Despite summer breaking into the third quarter -- typically marking a slow August overseas -- the U.S. ABS primary market rallied in the three-month period ending Sept. 30. More than $138 billion of ABS was placed with investors -- nearly 60% of which was backed by mortgage product.

Fueled by both the continued flow of dealer principal finance issuance vehicles and multiple transactions from independent lenders, the mortgage sector of the entire ABS market accounted for nearly four times the supply of autos, the next largest asset class. Real estate came in at just over $82 billion.

While real estate ABS topped the list over the same period last year, supply for 3Q03 was nearly double its number in Q302. At $47 billion in 3Q02, the mortgage sector accounted for roughly half of the total market.

With roughly $22 billion, auto loan collateral was next the next largest asset type distributed to ABS buyers in the third quarter. Autos made up 15.9% of the total market, a shrinking proportion versus the similar period the year before. In 3Q02, auto loan collateral made up an almost identical amount of supply, $22.4 billion, though that figure accounted for 23.5% of the market.
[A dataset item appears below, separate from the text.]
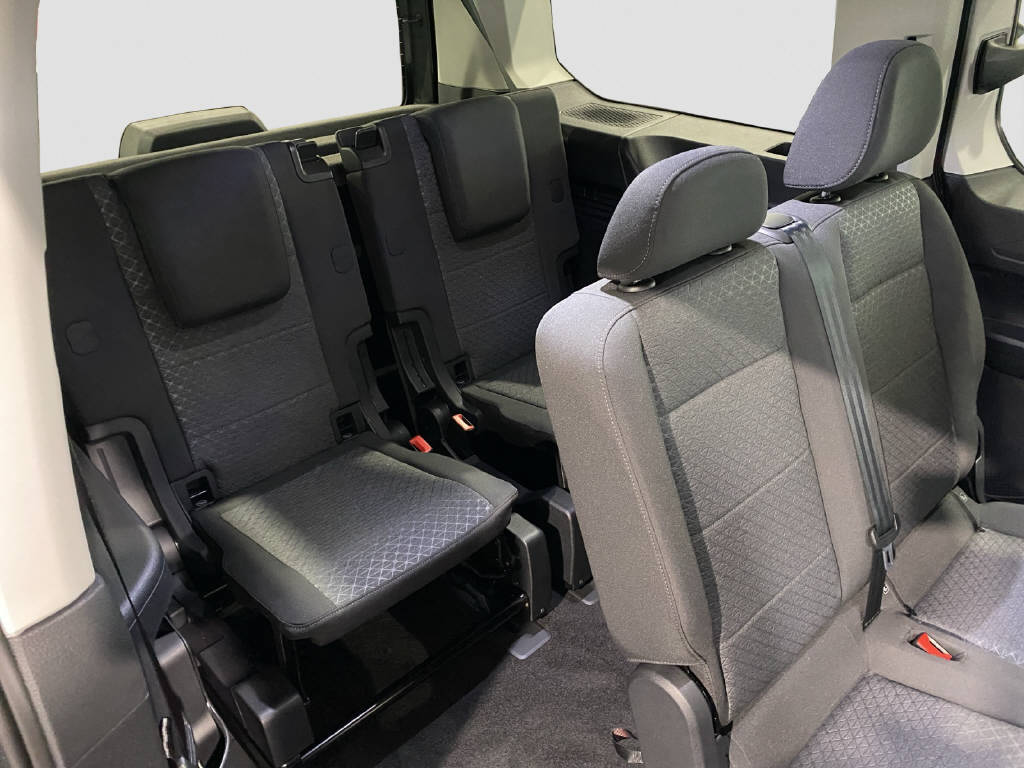 FORD TOURNEO CONNECT Grand 2.0 EcoBlue 122 PS Titanium-image-16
Credit card supply totaled just over $12 billion 3Q03, accounting for 8.8% of the market as a whole. In an interesting twist, credit card supply was greater in this year's third quarter -- $12 billion versus 11.6 billion in Q302 -- but made up a shrinking percentage of the market, 8.8% versus 12.2% in 3Q02.

One of the contributing factors for the ever-growing ABS pie this year has been the explosion of student loan product. Making up $10.5 billion of the ABS primary in 3Q03, student loan supply contributed to 7.6% of the total. While this is $4 billion greater than the same period last year, it only accounts for a marginal percentage increase in the overall market, 7.6% versus 7.3% in Q302.

Another area of growth last quarter was dealer floorplan receivables. While not even hitting the radar screen in Q302, dealer floorplan collateral accounted for more than $3 billion in the three-month period, good for 2.3% of the total market. The infrequent nature of issuance, however, should prevent wholesale dealer loan collateral from blossoming into a major proportion of total issuance. Dealer floorplan supply throughout this year has been driven primarily by 2000-vintage floorplan transactions maturing, and the need for auto lenders to refinance the roll-off.

Not surprisingly, the "other" category of assets makes up a shrinking proportion of the market, 5.4% this quarter compared to 7.1% in Q302. But, in a surprise statistic, the amount of "other" assets has increased to $7.5 billion from $6.7 billion in Q302.